Asbesthaltige Fußbodenplatte: Mängelanzeige des Mieters ist Voraussetzung für Schadensersatz

DER FALL: Die Kläger hatten 1994 eine Zweizimmerwohnung im Hause Schlangenbader Straße (Autobahnüberbauung) gemietet; in der Wohnung waren Vinyl-Asbest-Platten verlegt. Nach Pressemeldungen über Asbestbelastungen übersandte die Vermieterin den Mietern ein Informationsschreiben mit Hinweisen; nach einer Mängelanzeige der Mieter im Jahr 2013 veranlasste die Vermieterin eine Sanierung der Wohnung; die Mieter zogen vorübergehend aus.
Die betagten Mieter verlangten Schadensersatz und Schmerzensgeld, da sie ihre zum Teil schwerwiegenden Erkrankungen wie Prostatakrebs auf eine kontinuierliche und jahrelange Asbestbelastung zurückführten; sie behaupteten, schon bei Vertragsbeginn seien die Fußbodenplatten beschädigt gewesen, so dass Fasern hätten austreten können. Sie reichten Fotos ein, wonach vor der Entfernung die Platten teilweise gebrochen, angerissen oder angeschnitten waren. Die Vermieterin berief sich darauf, dass sie nach der Mängelanzeige unverzüglich tätig geworden war.
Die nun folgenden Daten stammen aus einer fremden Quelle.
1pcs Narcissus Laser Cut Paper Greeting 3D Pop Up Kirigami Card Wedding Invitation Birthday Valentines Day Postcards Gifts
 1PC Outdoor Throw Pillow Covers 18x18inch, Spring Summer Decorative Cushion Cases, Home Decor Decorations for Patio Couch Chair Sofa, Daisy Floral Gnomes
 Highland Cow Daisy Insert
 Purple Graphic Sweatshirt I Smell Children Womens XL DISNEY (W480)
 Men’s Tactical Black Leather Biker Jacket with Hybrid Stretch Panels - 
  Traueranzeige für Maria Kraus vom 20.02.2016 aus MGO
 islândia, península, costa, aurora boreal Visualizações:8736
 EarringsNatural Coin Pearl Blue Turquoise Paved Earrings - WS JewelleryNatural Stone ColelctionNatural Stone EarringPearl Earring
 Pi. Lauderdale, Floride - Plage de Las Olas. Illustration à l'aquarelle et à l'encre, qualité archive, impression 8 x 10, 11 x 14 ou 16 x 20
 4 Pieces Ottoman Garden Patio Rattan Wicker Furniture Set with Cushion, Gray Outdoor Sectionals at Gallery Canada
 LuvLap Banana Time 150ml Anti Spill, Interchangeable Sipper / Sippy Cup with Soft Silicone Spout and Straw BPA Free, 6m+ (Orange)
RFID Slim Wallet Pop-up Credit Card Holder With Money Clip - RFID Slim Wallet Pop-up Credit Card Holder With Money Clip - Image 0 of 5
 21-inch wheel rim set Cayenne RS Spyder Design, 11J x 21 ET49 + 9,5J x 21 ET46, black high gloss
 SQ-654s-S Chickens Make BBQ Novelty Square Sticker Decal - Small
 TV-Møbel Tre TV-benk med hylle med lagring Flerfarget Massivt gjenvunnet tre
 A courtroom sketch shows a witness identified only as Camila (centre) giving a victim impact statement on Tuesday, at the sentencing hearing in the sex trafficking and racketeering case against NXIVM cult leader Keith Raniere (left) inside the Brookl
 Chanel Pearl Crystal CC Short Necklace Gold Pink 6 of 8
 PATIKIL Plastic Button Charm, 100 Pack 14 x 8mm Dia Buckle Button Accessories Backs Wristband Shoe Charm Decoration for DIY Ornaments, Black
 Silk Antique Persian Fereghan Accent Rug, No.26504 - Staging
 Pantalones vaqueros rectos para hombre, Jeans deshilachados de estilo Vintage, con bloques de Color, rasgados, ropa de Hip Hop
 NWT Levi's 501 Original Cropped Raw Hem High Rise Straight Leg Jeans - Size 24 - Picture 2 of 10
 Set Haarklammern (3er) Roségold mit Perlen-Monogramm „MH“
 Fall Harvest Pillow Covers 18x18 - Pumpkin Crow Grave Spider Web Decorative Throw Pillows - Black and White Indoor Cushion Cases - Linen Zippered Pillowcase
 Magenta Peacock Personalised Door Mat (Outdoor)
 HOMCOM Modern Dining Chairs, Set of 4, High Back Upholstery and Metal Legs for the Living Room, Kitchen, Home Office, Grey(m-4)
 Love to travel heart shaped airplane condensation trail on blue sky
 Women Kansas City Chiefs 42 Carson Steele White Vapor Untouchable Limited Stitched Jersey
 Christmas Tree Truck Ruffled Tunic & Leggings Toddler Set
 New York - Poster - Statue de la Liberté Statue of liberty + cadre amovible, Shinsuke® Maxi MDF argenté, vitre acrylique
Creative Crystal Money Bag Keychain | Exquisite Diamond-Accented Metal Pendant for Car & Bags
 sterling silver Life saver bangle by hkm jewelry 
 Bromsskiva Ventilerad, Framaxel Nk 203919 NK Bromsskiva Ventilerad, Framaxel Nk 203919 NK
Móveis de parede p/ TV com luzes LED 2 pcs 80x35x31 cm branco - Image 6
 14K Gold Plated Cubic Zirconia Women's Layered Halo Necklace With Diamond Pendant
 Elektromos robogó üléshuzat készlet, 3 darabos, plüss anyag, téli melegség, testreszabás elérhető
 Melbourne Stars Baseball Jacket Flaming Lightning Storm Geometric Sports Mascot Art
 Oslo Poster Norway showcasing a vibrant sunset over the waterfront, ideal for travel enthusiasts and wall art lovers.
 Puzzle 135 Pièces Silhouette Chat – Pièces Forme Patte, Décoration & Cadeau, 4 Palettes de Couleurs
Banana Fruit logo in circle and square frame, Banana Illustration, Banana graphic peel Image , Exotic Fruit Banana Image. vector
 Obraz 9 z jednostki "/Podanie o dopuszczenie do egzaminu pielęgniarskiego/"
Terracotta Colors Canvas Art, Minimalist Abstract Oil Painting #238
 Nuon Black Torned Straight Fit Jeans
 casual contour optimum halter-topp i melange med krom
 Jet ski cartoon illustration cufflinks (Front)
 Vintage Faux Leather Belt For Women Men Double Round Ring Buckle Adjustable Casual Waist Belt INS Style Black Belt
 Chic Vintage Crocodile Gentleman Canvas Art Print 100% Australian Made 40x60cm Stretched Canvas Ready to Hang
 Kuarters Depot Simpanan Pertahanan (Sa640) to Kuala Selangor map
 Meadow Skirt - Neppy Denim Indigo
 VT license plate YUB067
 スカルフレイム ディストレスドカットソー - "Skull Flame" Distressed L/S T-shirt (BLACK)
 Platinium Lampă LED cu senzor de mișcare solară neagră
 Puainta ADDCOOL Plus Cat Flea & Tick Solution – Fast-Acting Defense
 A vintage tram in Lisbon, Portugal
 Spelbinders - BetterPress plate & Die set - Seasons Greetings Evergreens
DAS URTEIL: Mit Urteil vom 10. März 2014 wies das AG Charlottenburg die Klage der Mieter ab. Es fehle schon an einem schlüssigen Vortrag, dass die Erkrankungen ursächlich auf die Asbestbelastung in der Wohnung zurückzuführen seien. Die bloße Möglichkeit reiche nicht, zumal in den Luftmessungen eine Schadstoffbelastung kaum nachzuweisen gewesen sei. Ursache für die Erkrankung könne auch„der normale körperliche Verfall bei fortgeschrittenem Lebensalter sein“. Jedenfalls fehle es an einem Verschulden der Vermieterin, da sie auf die Mängelanzeige aus dem Jahr 2013 unverzüglich tätig geworden sei.
Dass die Fußbodenplatten schon bei Beginn des Mietverhältnisses beschädigt und gebrochen waren, sei nicht unter Beweisantritt dargelegt. Eine Aufklärungspflicht habe für die Vermieterin nicht bestanden, da die Mieter zu eigenmächtigen Arbeiten an Fußbodenplatten nicht berechtigt seien, so dass die Rechtsprechung des BGH zur Aufklärungspflicht eines Hausverkäufers hier nicht einschlägig sei.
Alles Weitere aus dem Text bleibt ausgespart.